When you reach the line with "Vista 5 de Wrangler" in the data below, begin printing lines exactly, and stop once the line with "Used 2024 Volvo" has been printed.
Segment Start: INPUT
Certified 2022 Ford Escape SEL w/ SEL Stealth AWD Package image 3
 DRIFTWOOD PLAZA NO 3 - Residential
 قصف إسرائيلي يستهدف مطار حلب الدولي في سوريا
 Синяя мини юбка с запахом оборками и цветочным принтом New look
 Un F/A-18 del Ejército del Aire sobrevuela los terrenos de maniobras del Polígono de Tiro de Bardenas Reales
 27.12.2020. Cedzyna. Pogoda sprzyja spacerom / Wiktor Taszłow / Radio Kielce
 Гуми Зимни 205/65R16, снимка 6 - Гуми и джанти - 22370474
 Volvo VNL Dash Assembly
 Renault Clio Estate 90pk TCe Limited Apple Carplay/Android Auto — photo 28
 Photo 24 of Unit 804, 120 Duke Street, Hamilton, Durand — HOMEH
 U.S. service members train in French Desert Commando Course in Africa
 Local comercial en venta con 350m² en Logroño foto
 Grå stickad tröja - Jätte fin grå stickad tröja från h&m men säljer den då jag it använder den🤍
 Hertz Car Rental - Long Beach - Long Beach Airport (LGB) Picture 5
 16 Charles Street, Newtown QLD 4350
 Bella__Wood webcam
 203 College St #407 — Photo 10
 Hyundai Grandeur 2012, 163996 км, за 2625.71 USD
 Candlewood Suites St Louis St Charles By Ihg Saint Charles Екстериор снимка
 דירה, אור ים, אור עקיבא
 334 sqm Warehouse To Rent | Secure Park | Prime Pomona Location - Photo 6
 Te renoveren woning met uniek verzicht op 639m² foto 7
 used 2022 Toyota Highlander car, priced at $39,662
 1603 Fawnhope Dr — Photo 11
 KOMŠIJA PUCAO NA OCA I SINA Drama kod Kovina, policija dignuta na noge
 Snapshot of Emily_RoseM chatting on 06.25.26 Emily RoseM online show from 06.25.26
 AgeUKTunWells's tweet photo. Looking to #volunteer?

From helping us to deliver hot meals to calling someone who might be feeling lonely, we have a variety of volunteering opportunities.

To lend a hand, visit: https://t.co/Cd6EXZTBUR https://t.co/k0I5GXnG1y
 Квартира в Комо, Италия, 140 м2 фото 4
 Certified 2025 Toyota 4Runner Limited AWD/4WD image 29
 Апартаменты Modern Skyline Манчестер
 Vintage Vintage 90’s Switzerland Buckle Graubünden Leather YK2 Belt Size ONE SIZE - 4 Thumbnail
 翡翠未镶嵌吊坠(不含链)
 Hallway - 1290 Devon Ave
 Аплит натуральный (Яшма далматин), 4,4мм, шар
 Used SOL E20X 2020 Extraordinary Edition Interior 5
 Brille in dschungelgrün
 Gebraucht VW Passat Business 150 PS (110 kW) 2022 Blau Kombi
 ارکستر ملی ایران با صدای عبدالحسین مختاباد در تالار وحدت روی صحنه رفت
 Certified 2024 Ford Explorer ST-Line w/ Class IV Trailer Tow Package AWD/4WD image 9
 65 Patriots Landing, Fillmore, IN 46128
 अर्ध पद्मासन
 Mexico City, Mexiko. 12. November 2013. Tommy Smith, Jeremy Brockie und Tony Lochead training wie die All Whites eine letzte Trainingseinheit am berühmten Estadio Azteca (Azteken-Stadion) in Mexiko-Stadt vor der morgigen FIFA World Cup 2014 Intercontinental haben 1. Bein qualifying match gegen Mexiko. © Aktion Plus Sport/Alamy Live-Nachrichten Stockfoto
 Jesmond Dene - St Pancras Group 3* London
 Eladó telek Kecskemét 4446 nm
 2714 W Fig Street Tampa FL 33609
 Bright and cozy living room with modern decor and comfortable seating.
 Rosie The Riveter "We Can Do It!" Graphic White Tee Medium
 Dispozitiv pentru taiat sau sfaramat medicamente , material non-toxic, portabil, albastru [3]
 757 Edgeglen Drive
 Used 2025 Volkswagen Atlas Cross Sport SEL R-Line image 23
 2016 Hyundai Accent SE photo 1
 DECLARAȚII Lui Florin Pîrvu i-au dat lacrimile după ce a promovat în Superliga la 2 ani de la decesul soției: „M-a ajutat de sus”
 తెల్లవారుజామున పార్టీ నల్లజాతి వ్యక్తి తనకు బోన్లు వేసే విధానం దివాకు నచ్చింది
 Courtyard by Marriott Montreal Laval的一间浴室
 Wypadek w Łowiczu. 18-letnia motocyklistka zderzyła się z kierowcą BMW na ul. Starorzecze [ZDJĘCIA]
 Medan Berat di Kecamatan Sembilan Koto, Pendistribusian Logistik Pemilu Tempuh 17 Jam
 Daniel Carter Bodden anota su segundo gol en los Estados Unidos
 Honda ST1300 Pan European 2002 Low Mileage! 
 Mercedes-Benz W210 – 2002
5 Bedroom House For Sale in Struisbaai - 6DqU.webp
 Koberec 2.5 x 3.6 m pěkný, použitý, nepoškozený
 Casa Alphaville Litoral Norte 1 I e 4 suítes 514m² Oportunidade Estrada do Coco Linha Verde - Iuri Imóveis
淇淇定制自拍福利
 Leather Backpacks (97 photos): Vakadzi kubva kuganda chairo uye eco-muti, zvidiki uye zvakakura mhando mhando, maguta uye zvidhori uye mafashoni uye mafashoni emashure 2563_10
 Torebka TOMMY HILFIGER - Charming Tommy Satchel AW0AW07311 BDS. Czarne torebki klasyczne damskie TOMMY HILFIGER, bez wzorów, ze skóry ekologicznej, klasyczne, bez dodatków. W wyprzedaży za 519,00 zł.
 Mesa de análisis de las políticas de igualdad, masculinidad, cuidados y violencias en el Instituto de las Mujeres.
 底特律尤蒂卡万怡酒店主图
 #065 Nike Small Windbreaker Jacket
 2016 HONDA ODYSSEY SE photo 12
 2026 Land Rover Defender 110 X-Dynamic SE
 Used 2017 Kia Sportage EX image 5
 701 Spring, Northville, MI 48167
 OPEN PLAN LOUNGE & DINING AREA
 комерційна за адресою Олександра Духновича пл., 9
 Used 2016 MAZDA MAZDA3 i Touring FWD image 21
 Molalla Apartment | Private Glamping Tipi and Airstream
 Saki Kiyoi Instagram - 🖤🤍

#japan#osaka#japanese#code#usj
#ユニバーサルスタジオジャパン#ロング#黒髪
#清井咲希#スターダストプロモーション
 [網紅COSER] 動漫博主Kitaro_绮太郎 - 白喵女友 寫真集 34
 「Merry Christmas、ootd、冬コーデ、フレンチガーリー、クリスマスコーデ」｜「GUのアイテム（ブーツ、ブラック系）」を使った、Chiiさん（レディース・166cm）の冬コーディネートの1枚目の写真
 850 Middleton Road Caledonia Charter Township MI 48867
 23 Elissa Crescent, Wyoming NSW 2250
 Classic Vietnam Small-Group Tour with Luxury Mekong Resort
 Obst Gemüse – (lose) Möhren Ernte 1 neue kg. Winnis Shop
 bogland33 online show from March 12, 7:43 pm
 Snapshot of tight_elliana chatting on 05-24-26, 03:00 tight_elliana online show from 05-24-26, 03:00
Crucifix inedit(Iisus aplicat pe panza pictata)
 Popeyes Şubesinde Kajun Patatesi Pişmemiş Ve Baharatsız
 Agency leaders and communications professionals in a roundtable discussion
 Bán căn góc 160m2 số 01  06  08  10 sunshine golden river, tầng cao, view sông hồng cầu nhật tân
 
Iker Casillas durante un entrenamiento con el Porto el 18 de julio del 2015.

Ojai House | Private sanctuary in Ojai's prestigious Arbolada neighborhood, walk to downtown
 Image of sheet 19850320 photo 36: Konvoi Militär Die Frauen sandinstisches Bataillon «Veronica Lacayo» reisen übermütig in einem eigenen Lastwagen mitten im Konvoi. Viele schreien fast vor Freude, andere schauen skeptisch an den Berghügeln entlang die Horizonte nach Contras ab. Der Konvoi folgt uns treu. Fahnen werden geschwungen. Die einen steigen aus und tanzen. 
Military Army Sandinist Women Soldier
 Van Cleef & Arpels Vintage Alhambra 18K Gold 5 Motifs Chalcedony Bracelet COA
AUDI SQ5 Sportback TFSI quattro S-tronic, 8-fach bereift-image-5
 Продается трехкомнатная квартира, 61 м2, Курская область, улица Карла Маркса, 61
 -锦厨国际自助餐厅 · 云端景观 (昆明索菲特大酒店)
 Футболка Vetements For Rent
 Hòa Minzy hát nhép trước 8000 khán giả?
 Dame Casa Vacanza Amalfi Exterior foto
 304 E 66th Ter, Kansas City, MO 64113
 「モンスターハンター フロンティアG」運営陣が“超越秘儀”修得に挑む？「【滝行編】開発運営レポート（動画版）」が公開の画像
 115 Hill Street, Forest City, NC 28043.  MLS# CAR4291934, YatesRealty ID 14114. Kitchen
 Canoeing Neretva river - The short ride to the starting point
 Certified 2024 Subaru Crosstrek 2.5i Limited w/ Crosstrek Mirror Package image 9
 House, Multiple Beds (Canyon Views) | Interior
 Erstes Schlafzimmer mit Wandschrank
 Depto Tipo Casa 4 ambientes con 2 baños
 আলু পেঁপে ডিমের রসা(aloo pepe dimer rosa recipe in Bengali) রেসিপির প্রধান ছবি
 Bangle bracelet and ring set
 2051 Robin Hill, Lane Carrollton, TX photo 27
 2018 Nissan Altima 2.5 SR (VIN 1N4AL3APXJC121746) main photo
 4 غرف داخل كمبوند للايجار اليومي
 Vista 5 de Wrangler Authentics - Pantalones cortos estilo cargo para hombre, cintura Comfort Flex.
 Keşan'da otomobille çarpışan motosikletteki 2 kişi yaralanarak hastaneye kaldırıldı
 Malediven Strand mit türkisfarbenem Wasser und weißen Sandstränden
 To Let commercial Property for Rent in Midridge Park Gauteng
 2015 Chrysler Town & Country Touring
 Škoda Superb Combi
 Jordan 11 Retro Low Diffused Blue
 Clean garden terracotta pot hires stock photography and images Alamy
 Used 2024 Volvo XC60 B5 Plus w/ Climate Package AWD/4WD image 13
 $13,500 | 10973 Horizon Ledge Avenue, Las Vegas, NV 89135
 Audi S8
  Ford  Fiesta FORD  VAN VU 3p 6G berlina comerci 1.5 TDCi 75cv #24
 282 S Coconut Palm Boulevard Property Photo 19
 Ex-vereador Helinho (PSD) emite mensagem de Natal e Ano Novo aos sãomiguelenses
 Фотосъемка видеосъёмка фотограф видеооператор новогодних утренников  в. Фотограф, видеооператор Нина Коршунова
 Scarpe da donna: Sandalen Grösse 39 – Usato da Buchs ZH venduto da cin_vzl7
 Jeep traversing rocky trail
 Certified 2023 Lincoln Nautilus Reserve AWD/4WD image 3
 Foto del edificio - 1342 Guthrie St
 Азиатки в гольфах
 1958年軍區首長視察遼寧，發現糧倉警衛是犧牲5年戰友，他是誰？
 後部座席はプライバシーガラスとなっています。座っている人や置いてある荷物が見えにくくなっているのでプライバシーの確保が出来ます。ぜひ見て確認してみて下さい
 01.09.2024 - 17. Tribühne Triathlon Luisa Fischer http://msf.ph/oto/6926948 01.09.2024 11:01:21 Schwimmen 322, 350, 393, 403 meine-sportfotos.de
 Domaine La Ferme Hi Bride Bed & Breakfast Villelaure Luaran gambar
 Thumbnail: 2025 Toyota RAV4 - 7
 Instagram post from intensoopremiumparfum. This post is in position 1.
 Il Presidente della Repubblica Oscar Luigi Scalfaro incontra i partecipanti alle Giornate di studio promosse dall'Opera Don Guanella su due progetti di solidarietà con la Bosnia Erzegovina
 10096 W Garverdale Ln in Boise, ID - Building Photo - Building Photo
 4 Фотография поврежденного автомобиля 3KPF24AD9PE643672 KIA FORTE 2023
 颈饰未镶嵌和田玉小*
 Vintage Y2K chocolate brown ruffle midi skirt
Segment End: INPUT
TASK ANSWER
 Vista 5 de Wrangler Authentics - Pantalones cortos estilo cargo para hombre, cintura Comfort Flex.
 Keşan'da otomobille çarpışan motosikletteki 2 kişi yaralanarak hastaneye kaldırıldı
 Malediven Strand mit türkisfarbenem Wasser und weißen Sandstränden
 To Let commercial Property for Rent in Midridge Park Gauteng
 2015 Chrysler Town & Country Touring
 Škoda Superb Combi
 Jordan 11 Retro Low Diffused Blue
 Clean garden terracotta pot hires stock photography and images Alamy
 Used 2024 Volvo XC60 B5 Plus w/ Climate Package AWD/4WD image 13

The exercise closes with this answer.